What To Expect From NFP Data?
Investors have been trying to avoid taking any lopsided positions ahead of this morning’s jobs report. Yesterday’s U.S. weekly claims were strong enough to keep alive some investors’ expectations for upbeat numbers in this morning’s NFP report. The weekly unemployment claims for the week ended May 1 came out at +265,000 (+280,000 expected), lifting the greenback and sending the pair to fresh intraday lows around €1.1200.
The massive position adjustments this week certainly suit a positive dollar reaction to NFP (+223,000 +5.4% unemployment expected). If the report meets expectations, the Fed should be happy to see the U.S. economy getting back on track after a disappointing first quarter. It would solidify market expectations that rate hikes are on the cards for later this year.
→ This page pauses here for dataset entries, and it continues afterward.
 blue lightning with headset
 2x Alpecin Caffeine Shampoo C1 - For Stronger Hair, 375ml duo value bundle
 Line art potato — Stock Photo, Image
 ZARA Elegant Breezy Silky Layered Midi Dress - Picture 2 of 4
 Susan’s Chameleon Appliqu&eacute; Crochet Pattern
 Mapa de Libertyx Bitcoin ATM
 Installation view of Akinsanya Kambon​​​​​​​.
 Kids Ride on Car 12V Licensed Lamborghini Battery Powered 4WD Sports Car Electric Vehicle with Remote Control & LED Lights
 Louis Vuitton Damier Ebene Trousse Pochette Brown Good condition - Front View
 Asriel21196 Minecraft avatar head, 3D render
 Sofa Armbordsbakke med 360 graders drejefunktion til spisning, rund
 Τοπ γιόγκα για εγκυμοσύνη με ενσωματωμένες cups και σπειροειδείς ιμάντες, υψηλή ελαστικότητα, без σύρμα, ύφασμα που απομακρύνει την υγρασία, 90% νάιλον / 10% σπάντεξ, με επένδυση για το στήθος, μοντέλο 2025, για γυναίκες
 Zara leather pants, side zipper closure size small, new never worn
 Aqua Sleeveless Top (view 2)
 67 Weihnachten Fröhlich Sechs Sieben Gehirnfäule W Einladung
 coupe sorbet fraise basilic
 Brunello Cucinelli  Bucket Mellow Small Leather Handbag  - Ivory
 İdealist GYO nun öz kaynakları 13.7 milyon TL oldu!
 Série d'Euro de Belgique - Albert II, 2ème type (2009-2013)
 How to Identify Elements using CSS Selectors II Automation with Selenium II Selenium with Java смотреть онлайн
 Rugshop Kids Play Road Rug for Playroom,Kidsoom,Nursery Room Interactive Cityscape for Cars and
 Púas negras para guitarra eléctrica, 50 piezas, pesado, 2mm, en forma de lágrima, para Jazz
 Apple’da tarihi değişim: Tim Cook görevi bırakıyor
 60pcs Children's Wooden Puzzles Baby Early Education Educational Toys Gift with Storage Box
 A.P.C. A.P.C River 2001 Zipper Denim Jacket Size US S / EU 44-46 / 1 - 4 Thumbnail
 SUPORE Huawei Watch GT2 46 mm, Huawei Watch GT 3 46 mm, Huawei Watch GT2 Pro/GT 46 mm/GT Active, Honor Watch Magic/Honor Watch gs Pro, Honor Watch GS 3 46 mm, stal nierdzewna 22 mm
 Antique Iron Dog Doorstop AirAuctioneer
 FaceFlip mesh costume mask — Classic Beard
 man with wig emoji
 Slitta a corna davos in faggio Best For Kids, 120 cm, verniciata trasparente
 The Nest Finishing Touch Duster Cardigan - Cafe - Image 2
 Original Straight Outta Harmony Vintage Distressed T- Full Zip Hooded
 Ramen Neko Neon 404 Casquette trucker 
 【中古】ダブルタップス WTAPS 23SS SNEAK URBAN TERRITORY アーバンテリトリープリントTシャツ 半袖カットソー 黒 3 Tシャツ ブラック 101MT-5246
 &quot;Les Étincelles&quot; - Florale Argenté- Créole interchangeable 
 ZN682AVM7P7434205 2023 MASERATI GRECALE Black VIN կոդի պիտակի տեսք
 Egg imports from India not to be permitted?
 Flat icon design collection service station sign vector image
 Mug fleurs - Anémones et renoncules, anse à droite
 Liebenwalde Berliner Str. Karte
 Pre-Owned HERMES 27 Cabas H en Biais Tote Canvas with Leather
Fixed income/futures are backing a September hike and any variations above or below jobs consensus would obviously shift expectations around that date.
This week’s violent price action across the board has managed to clear out most of the weaker dollar long positions, despite higher U.S. rates prevail, with rate divergence being the premise for initiating these long dollar positions in the first place. The USD bulls will be anticipating yields to be driven higher with a stronger headline print. They are expecting U.S. 10s to back up to +2.50% rather quickly. It’s a bit of a stretch from current levels since U.S. 10s has given up nearly -18 basis points since yesterday. But in the medium term, it’s very possible. The USD should be able to find this week’s lost luster against Group of 10 currencies rather quickly given the depth of neutral positions being currently held.
Dollar Bears Not Giving up Hope
The dollar naysayers believe support is on their side. Wednesday’s April ADP report does not bode well for a stronger April U.S. jobs print. The ADP numbers widely missed expectations (+169,000 versus +205,000 expected) and fell to their lowest level in 18 months. Virtually all the job gains were in small and midsized businesses, and were almost all in the service sector with manufacturing losing a small number of jobs.
It marks the second month that headline print was below expectations, which of course signified the U.S. government reported a big miss for March (+126,000). The correlation between the two reports is historically not that strong. However, a miss would suggest there’s some evidence to add to downside risk.
The report indicated that falling oil prices and a stronger dollar is taking a toll on hiring plans. Another soft NFP headline print will take a June hike off the table and certainly leave a September hike very much in doubt. Investors should be expecting the USD to give back and then some, the traction that banked in the past day.
The EUR will be expected to take on the €1.1400 handle sooner-than-expected. U.S. yields should come under pressure, as investors will be expecting ‘lower-for-longer’ Fed rates. However, this week’s yield moves have been dominated by bunds, and the market consensus believes that trade is not finished yet. Poor market liquidity may increase distress in cases, and the U.S.-bund spread trade remains vulnerable.